Tag Archives: Morgnanesi

Discomfort in America and a Labor Movement Without Unions

16 Oct

By Lanny Morgnanesi

Something’s happening here. And to be frank, what it is ain’t exactly clear. There’s a man, and a woman, with an attitude over there, and a realization, and a new way of thinking, and opened eyes, and a tired will. He, and she, and an assortment of other strange, unfamiliar phenomena, have unknowingly cojoined to produce discomfort in America and the world. He, and she, and all the rest, have caused you to pay more for bacon and chicken wings and refrigerators and stoves. Because of her, and him, and all the rest, it is harder or impossible to get certain products, things you have always relied on, things that you always expected to be there. Because of her, and him, and all the rest, supply trucks to stores are late, half empty, or never arrive. Prepare to wait 26 weeks for kitchen cabinets.
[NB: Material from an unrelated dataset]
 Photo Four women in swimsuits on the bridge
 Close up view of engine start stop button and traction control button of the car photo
         In the end, what he and she have done will result in something good for America.

         But what it is isn’t exactly clear. Not to me, anyway. Still, I’m trying to think it through, read about it, figure it out on my own. My conclusions may be accurate, semi-accurate or ridiculous. In these times, what does it matter?

         In these times, what broken and weakened unions failed to do – join workers in a wide confederation that confronts big management and rejects low wages, decimated benefits, poor working conditions and corrosive indignity – is being done quite effectively on an individual, uncoordinated, one-by-one basis. I’m speaking of  the men and women with attitudes, realizations, a new way of thinking, opened eyes, and tired wills.
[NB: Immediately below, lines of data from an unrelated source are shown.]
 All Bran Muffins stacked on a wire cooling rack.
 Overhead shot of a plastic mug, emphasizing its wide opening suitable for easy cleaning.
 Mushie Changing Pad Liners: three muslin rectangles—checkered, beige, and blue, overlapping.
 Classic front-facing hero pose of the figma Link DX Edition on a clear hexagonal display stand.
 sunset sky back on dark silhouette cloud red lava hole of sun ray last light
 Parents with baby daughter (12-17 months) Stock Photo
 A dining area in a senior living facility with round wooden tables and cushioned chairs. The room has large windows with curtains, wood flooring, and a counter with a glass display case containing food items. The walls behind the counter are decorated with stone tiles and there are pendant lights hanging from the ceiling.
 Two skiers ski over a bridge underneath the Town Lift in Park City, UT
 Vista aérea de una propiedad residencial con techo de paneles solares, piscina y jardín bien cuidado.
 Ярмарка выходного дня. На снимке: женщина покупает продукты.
         In short, disgusted people have decided not work. Without consulting each other, they have – separately but together – stopped making you breakfast at your local diner, they have stopped helping you find socket wrenches at Home Depot, and they no longer answer the phone at your doctor’s office. Without unions, without campaigns and encouragement, and without organization of any kind, much of America has gone on strike. The U.S. Labor Department reported in October that a record 4.3 million workers quit their jobs in August. I don’t know this for a fact, but I’m guess this is unprecedented in the history of the American labor movement.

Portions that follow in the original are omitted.